What happens after a fracture?
- Sever bleeding; a clot forms at the site of the fracture.
- Periosteum – surrounding the bone is made of connective tissue cells for fibroblasts that form osteoblasts. Osteoblasts are bone-forming cells that form fragments of bone within the clot. The fragment plus the clot equals a CALUS. The formation of a calus is an essential step in repairing a bone.
- Osteoblast formation of periosteum forms bone between the two fragmented ends. This is called a collar.
Types of Joints
The science of joints is called arthrology.
- Fibrous Joints – A small amount of connective tissue between bones. Example: Sutures and bones of the calvarium (skull).
- Cartilagenous – Fibrocartilage between bones. Example: vertebrae –( intervertebral discs); pubic symphysis (between two pubic bones).
- Synovial Joints – syn – with; ovial – egg whites in natural state, not the yolk. Example: Humerus, which articulates with glenoid fossa; femur with acetabulum, which means vinegar cup.
- Hinge joints – Example: elbows. These joints increase and decrease the angle of the arm. Make a muscle like Popeye, the sailor man. Then relax and straighten arm out to the side. Hing joints are also found in the knee.

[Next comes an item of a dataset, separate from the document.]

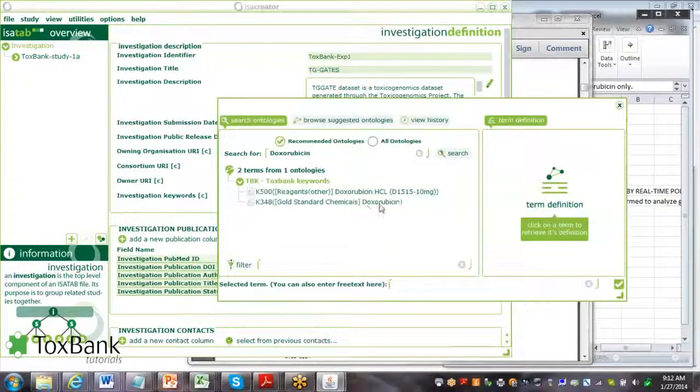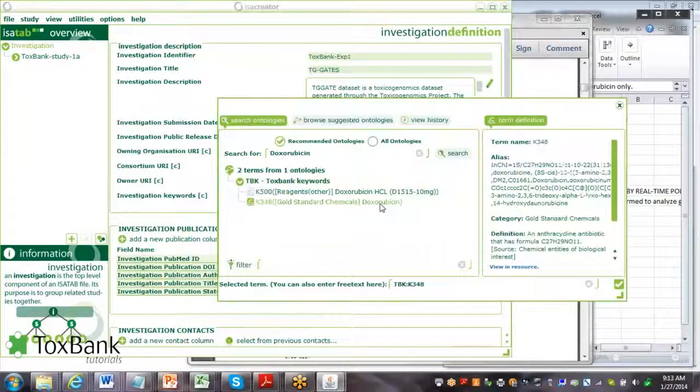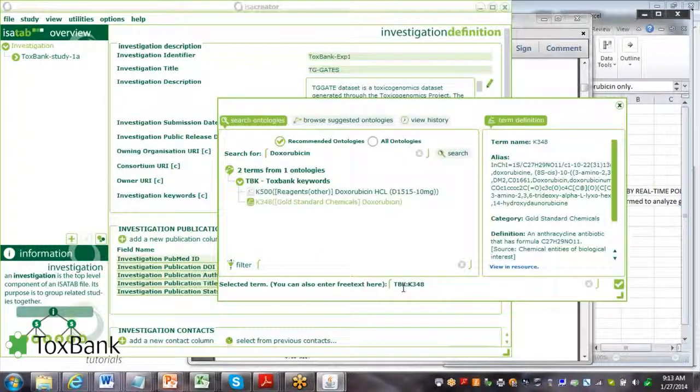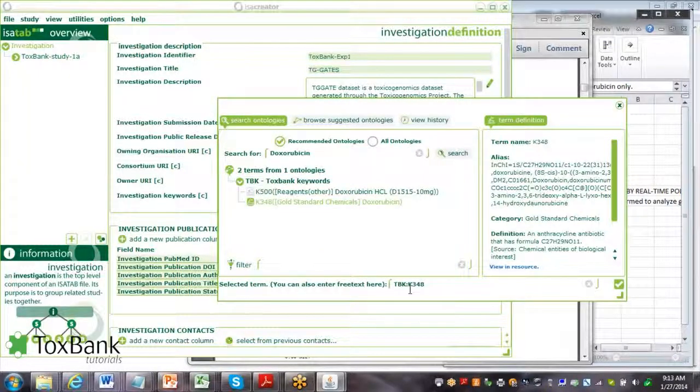Here you can see it's one of the gold standard chemicals. We add it, and it's added. You can see this code here, K348, this is doxorubicin.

- Ball and socket joints- A synovial joint, such as the shoulder or hip joint, in which a spherical knob or knoblike part of one bone fits into a cavity or socket of another. Some degree of rotary motion is possible in every direction. Also called enarthrosis.
Characteristics of a Synovial Joint
- Articular cartilage
- Synovial membrane produces synovial fluid
- Heavy connective tissue and joint capsule for stability and protection. (I have difficulty watching baseball players slide into home plate! That is stressful to the joints of the knee. A little bit of learning is truly a dangerous thing, as Pope Alexander said.)
- Bursa cushion the joints by reducing friction caused by the surrounding muscles. Not all synovial joints bursa; Bursa are found in knees and shoulders.
- Head and depression joints. Examples: Humerus and glenoid cavity; femur and acetabulum.
- Pivot joint – Example: radius with head pivot around the ulna. This is why the anatomical position is important. Palms must be forward in order for the ulna to be medial to the body. If you have your palms facing backwards, the radius and ulna will pivot and change positions!
- Saddle joint – 1st metacarpal has a convex surface.
- Flexion – biceps – decreasing in angle.
- Extension – increasing in angle
- Adduction – toward the midline (Adducter)
- Abducter – away from the midline. For example, the deltoid muscle takes the arm away from the body.
- Circumduction – circular motion.
Bodies are meant to be in motion. A sedentary lifestyle causes obesity and other illnesses, especially diabetes mellitus. Get some form of exercise every day. Enjoy your day.